Start of Data records
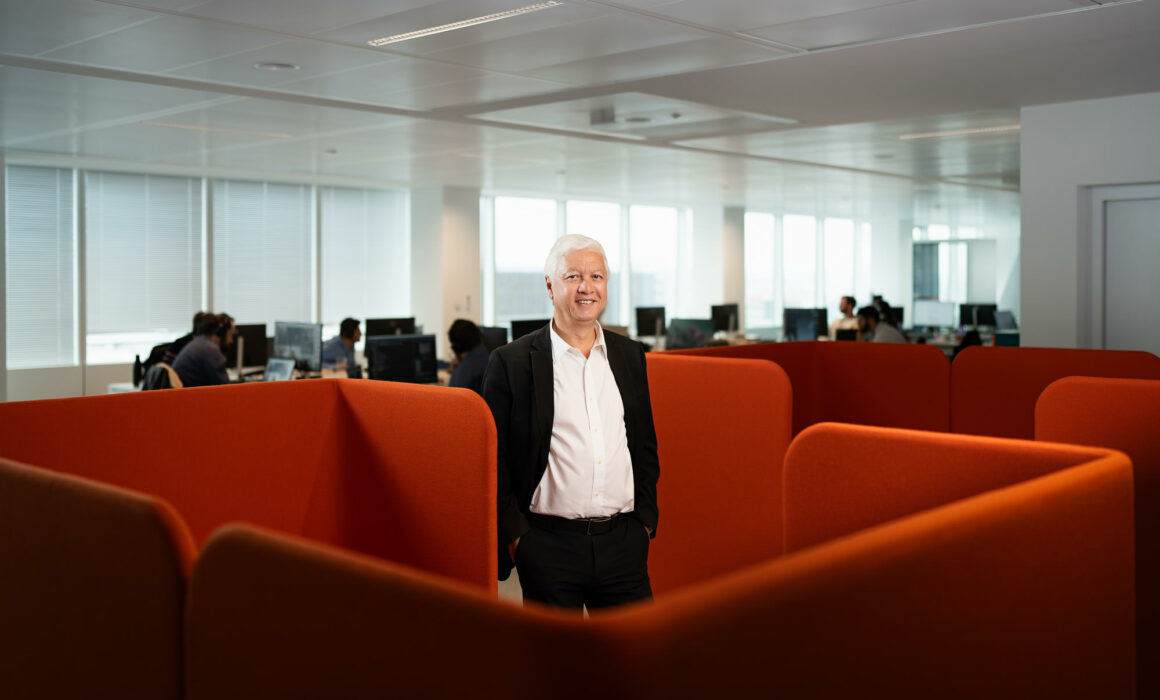 Portrait en entreprise à Lyon : homme en costume dans un open space de bureaux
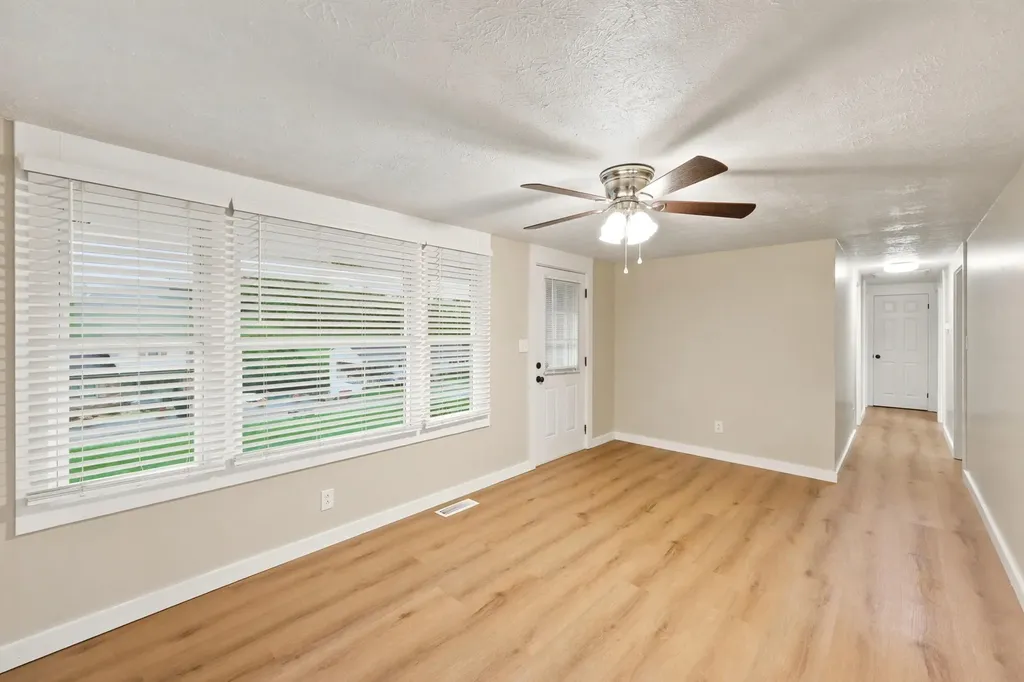 198 Hilltop Drive Winchester KY 40391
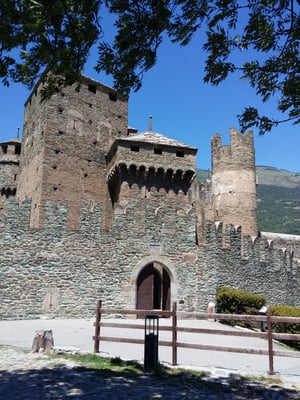 Castello di Fénis by null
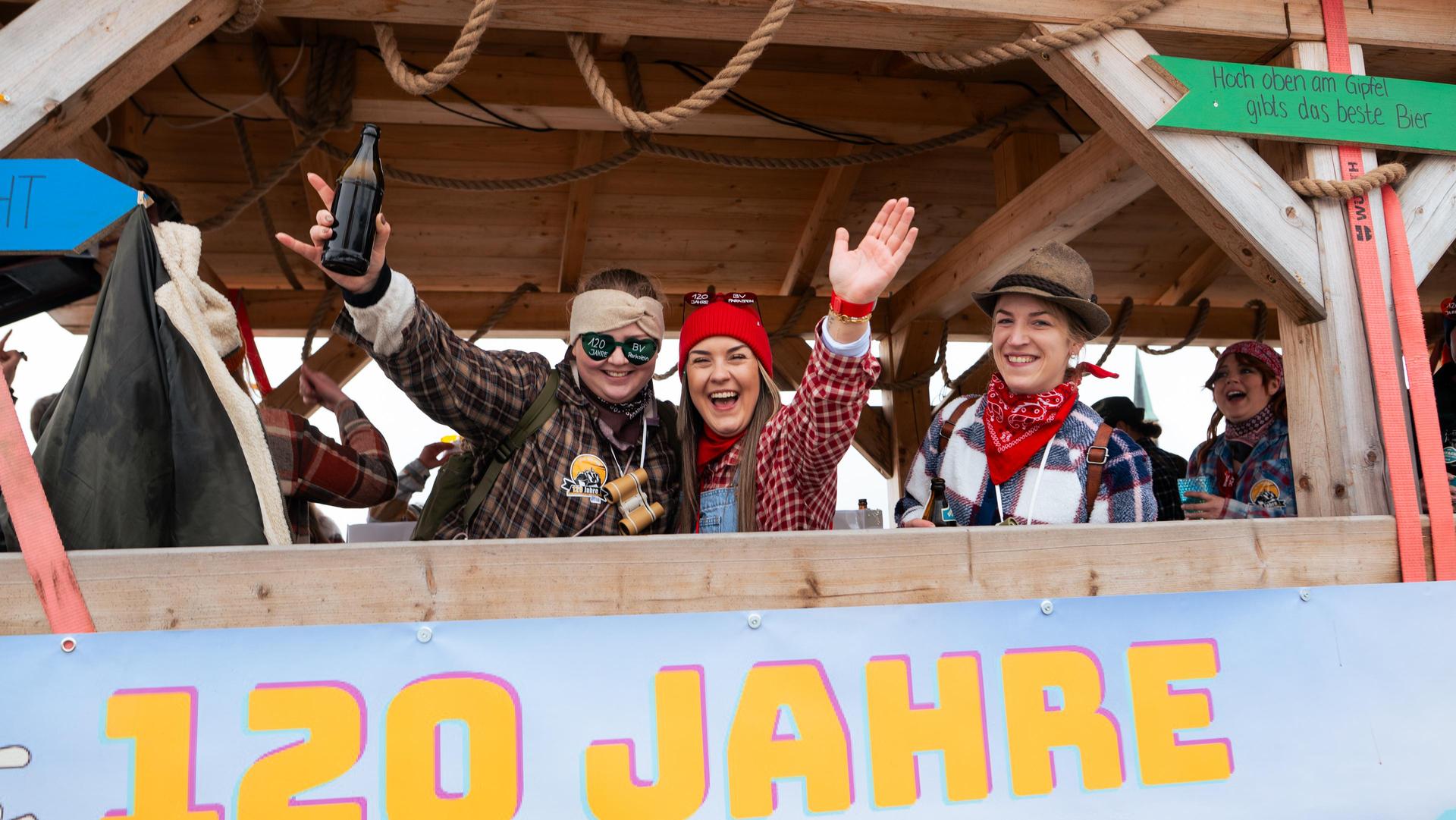 Am Sonntag wurde es bunt beim Pressather Faschingszug. (Bild: Hannes Stock)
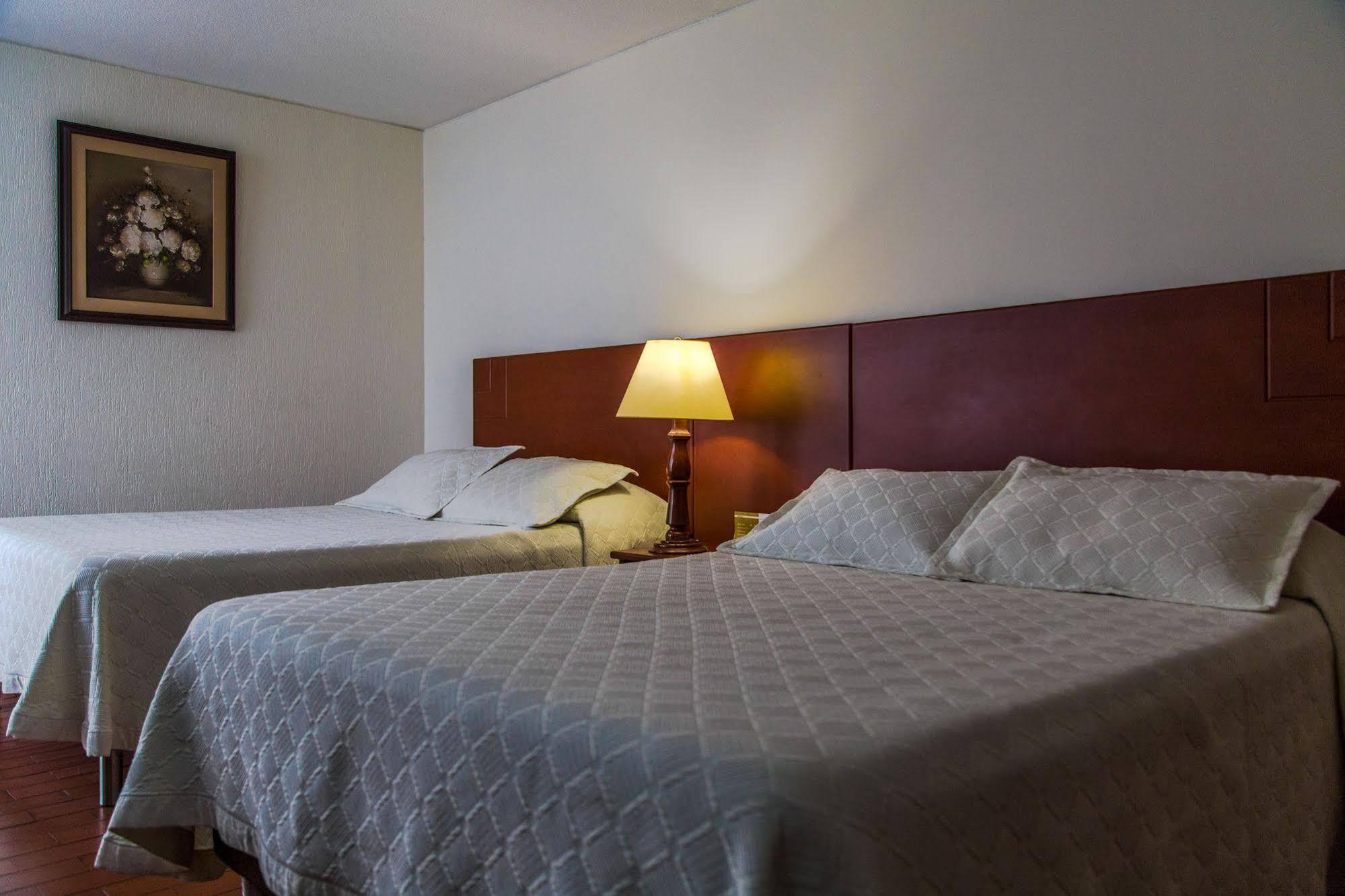 Hotel Don Lolo Villavicencio Bagian luar foto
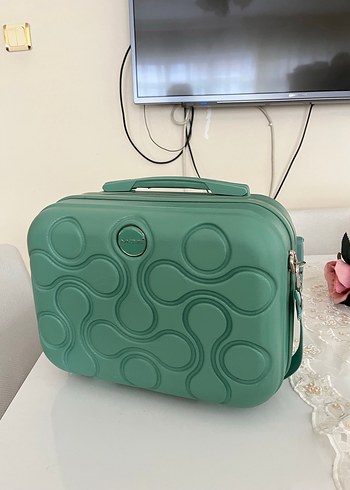 Yeşil Kadın Makyaj Çantası - Görsel 2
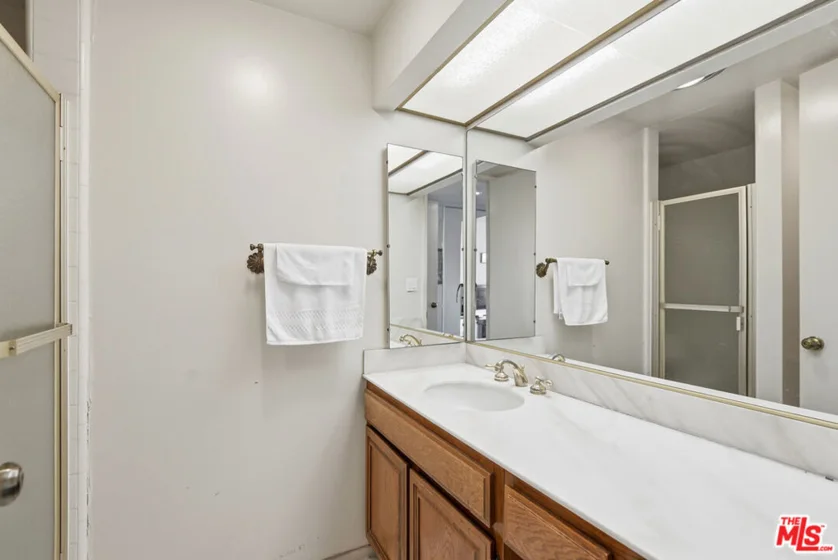 318 N Maple Drive #506 photo 12
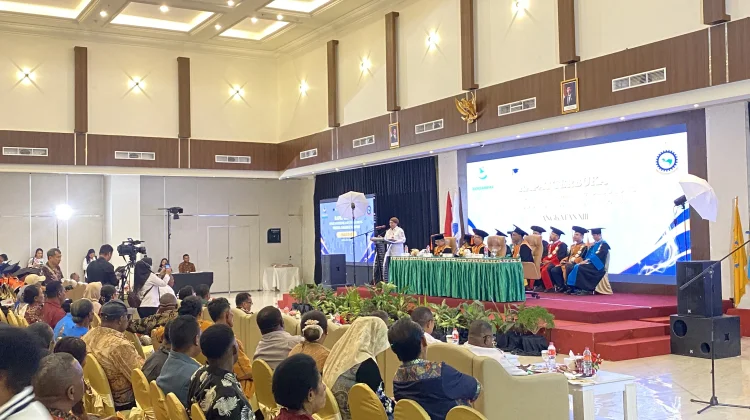 Wisuda 93 Mahasiswa Politeknik Katolik Saint Paul Sorong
End of Data records
Aim of the exercise:
Please repeat every record above exactly, leaving the pictures out.

Exercise output:
 Portrait en entreprise à Lyon : homme en costume dans un open space de bureaux
 198 Hilltop Drive Winchester KY 40391
 Castello di Fénis by null
 Am Sonntag wurde es bunt beim Pressather Faschingszug. (Bild: Hannes Stock)
 Hotel Don Lolo Villavicencio Bagian luar foto
 Yeşil Kadın Makyaj Çantası - Görsel 2
 318 N Maple Drive #506 photo 12
 Wisuda 93 Mahasiswa Politeknik Katolik Saint Paul Sorong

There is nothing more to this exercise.